Das macht der schnurr rein gar nichts,ob krumm oder gebogen.
Die Biegung dient lediglich nur dazu das der Futterkorb einen gewissen Abstand zum Vorfach hat,mehr ist es nicht.
Fische selber mit gebogenen und geraden AT´s und habe noch nie Probleme damit gehabt.
Selbst in starker Strömung habe ich mit einer AT-Montage keine verhäderungen wo ich mit der Schlaufen-Montage erheblich mehr hatte.
Ich finde aber auch das die Biss Erkennung wesentlich besser ist als bei einer Schlaufe.

Die Vorfach länge hängt bei mir von Gewässer ab.
Je stärker die Strömung um so kürzer das Vorfach,bis max. 30 cm,und umso weniger Strömung um so länger aber nicht zu lang max.60 - 75 cm.


----------



## sc00b (7. Juni 2009)

*AW: angeln mit futterkorb*

Fische auch nir mit den Booms - bis her nicht wirklich oft was verheddert...

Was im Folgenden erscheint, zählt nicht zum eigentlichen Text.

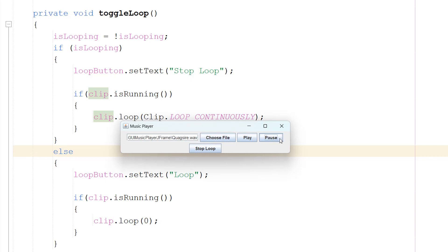We can hear the sound looping now. Let's pause it, then hit resume - it continues playing and looping. If we hit 'Stop Loop', it finishes the current playback then stops. This isn't a perfect music player - you could add error messages for missing files and other improvements - but it's a solid foundation to build upon. Thanks for watching and subscribe for more Java tutorials.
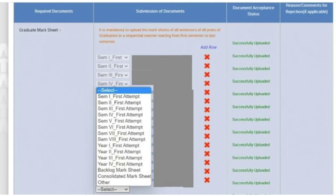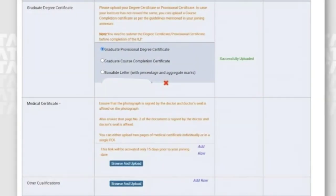For graduate mark sheets, you need to upload the mark sheets of all semesters. When you click on Select, you get a dropdown with the first eight links for all eight semesters. Upload the first-attempt mark sheet memo for each semester in those links. If you have any backlog memos — for example, if you cleared a semester in two attempts — upload the second memo in the backlog memo link. You can add more rows if needed. At the end, upload your consolidated marks memo.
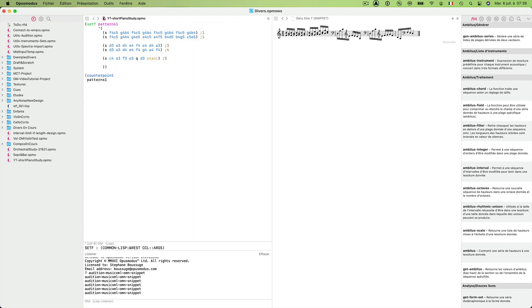Now let's do the dictum definition. A dictum is composed basically from pattern calls via index numbers. First, open a coded parenthesis. I will say for my first bar, right hand will play pattern number one. I can give it a number as a kind of comment. My first bar will play pattern one for right hand and pattern three for left hand.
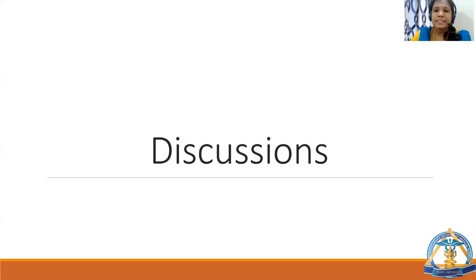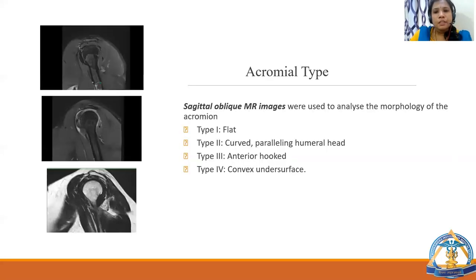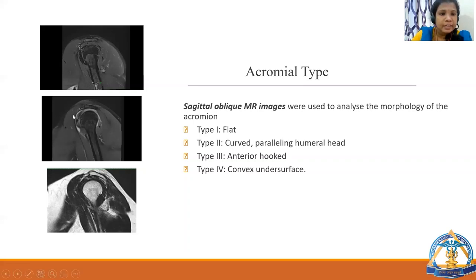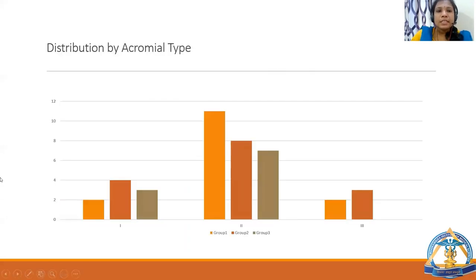In the discussion, acromial type was analyzed on sagittal oblique MR images to assess acromion morphology. Type 1 is flat, type 2 is curved paralleling the humeral head, type 3 is anterior hooked, and type 4 is convex undersurface. The graph shows distribution by acromial type across the groups.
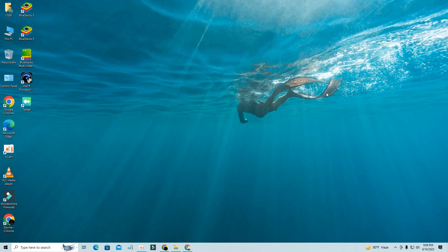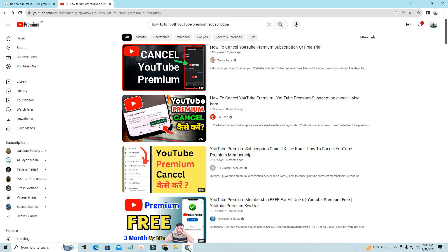Hi everyone, in today's video I would like to show you how to cancel your YouTube Premium Subscription or Free Trial.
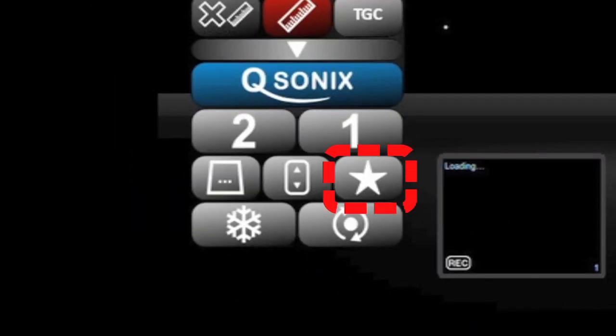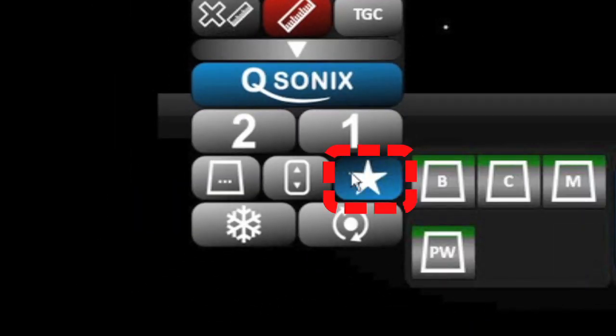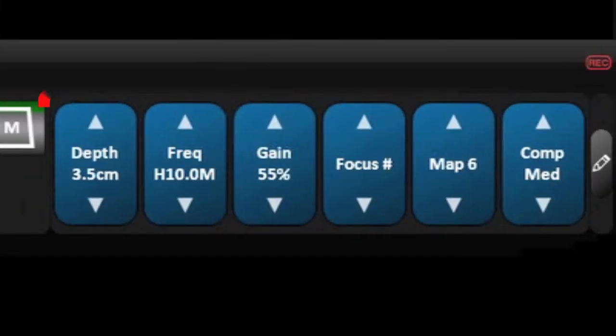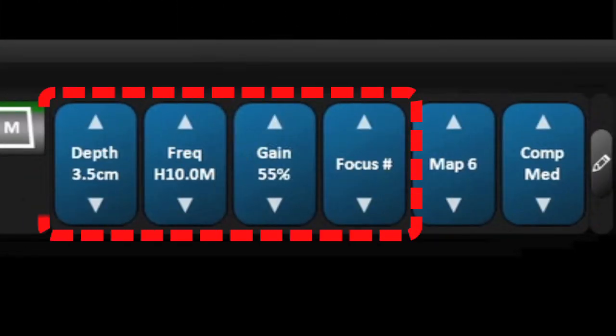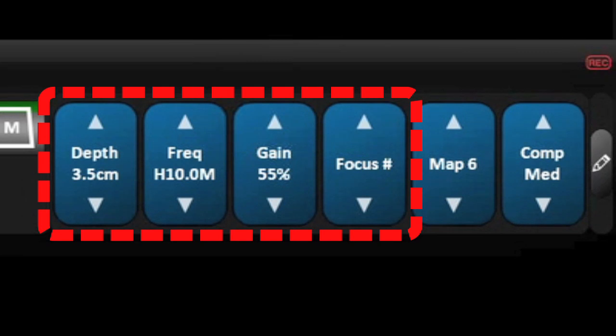Further changes to the image can be done by opening the favorites drawer to make changes to the depth, the frequency, the overall gain, or the number of focal points.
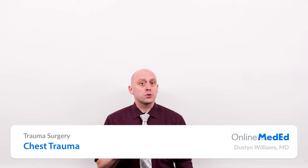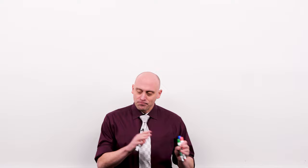This lesson is on chest trauma. Just like all of the trauma lessons, we're going to assume the primary survey has already been completed and any life-threatening injuries already addressed. Just like every other region, a patient can be stable or unstable. Unstable to the OR, stable to the CT scanner.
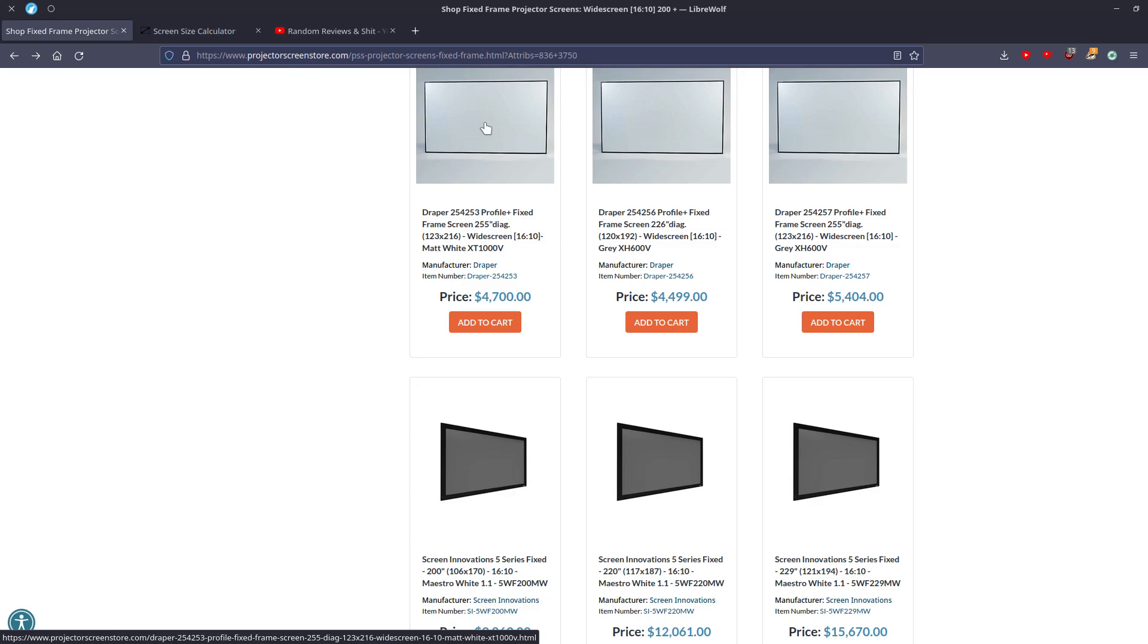I imagine there are people who have bought this. How many I couldn't tell you. But it's just abysmal. Like, how do you let, do you as a company, in this case Draper, let a screen be sold that's 12 inches off on your height? Like, there's a full foot of screen missing. And then how do you, as a store, not check that what you're selling is what's advertised, first off, and also not advertised properly.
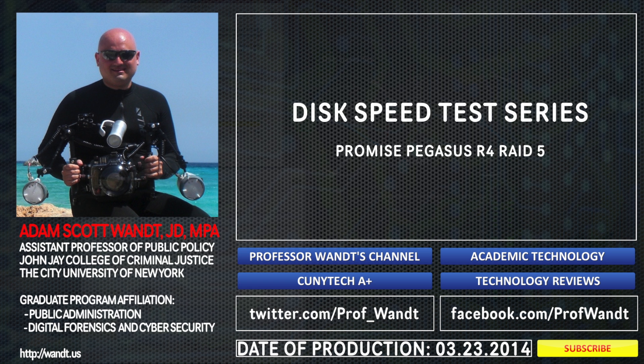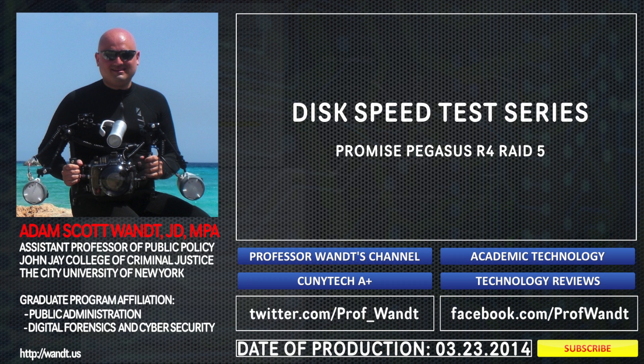My name is Adam Want. I'm a professor and technologist from John Jay College of Criminal Justice, which is part of the City University of New York. If you have any questions, please feel free to reach out to me on YouTube.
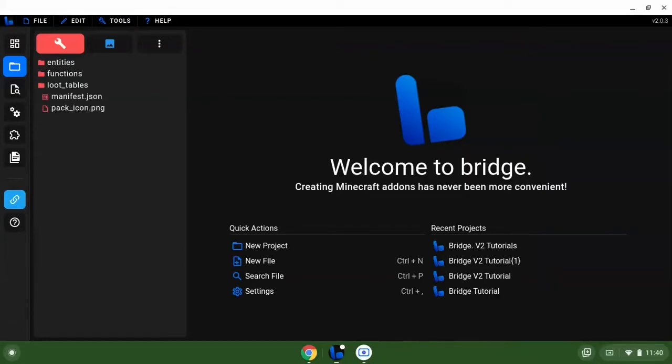Welcome to your first Bridge tutorial. In today's video we will be showing you how to create your very own custom item for Minecraft Bedrock using Bridge version 2. After you made the project and downloaded Bridge, there's plenty of videos on that.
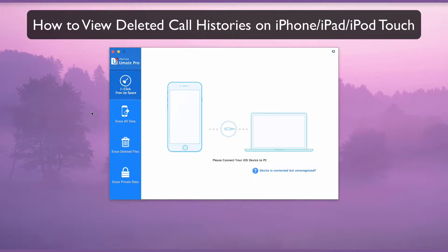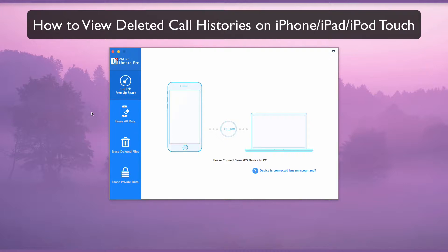How to view deleted call histories on iPhone, iPad, and iPod Touch. Simply deleting call histories does not guarantee they cannot be recovered. You will want to permanently delete call histories to make them unrecoverable on your device.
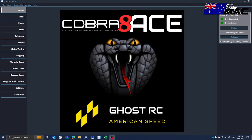I just wanted to do a little video on the RPM limit from the GhostRC Cobra 8 ACE. So we're plugged into the ESC. You can see the top right we're plugged in.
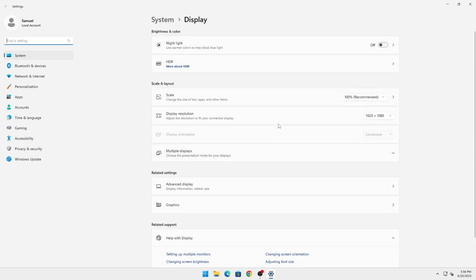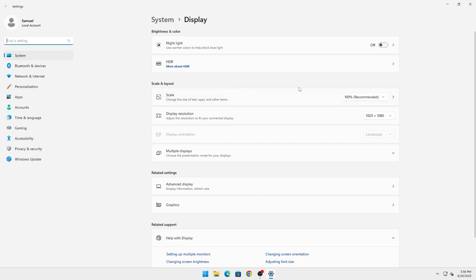Here you can see I do not have two monitors connected, only a single monitor, so I don't have the option. But when you come into Display, you will have two monitors which you can rearrange.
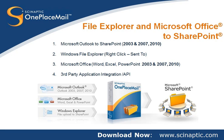Welcome to this OnePlaceMail screencast demonstrating Windows File Explorer to SharePoint integration and Microsoft Office Word, Excel and PowerPoint 2003, 2007 and 2010 integration with SharePoint.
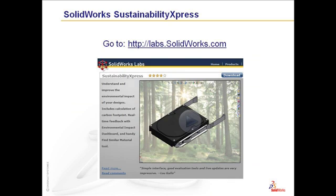SOLIDWORKS Sustainability is an add-in that is available from our lab's website. To obtain your copy of SOLIDWORKS Sustainability Express, you need SOLIDWORKS 2009, SP 2.1 or greater.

frag mich warum da der fisch nix merken sollte ausser der Rutenspitze? AT läuft doch frei auf der Schnur..


----------



## haenschen (7. Juni 2009)

*AW: angeln mit futterkorb*

auf welche weißfische willst du denn gehn? 
mehr auf brabe?
oder mehr auf brassen?


----------



## Bibbelmann (7. Juni 2009)

*AW: angeln mit futterkorb*

Ich sags mal so:

!  
Du sollst nicht mit Futterkorb angeln, und schon gar nicht mit der Schlaufenmontage!

böse, böse, böse !!  

Lass Dich ja nicht von mir dabei erwischen!


Philipp


----------



## Hermann W. (7. Juni 2009)

*AW: angeln mit futterkorb*

|kopfkrat|kopfkrat|kopfkrat

Muss man das verstehen??


----------



## Feeder-Freak (7. Juni 2009)

*AW: angeln mit futterkorb*



Bibbelmann schrieb:


> Ich sags mal so:
> 
> !
> Du sollst nicht mit Futterkorb angeln, und schon gar nicht mit der Schlaufenmontage!
> ...



|good:#q


Hi,
für den Anfang ist die Montage mit dem AT-Boom gut, ich habe jedoch die Erfahrung gemacht das eine Schlaufen Montage doch um einiges besser ist. Ich hatte weniger Verhedderung, die Bisse waren klarer zu erkennen, die Fische haken sich manchmal selbst und (für bequeme Säcke wie mich) wenn man die Kerb neu befüllen will kann der Korb nicht "abhauen" da er nach 30 cm durch das Schlaufenende gebremst wird|rolleyes.

Ist aber Geschmackssache!#6 

Greetz FF


----------



## Bibbelmann (8. Juni 2009)

*AW: angeln mit futterkorb*



> ich habe jedoch die Erfahrung gemacht das eine Schlaufen Montage doch um einiges besser ist.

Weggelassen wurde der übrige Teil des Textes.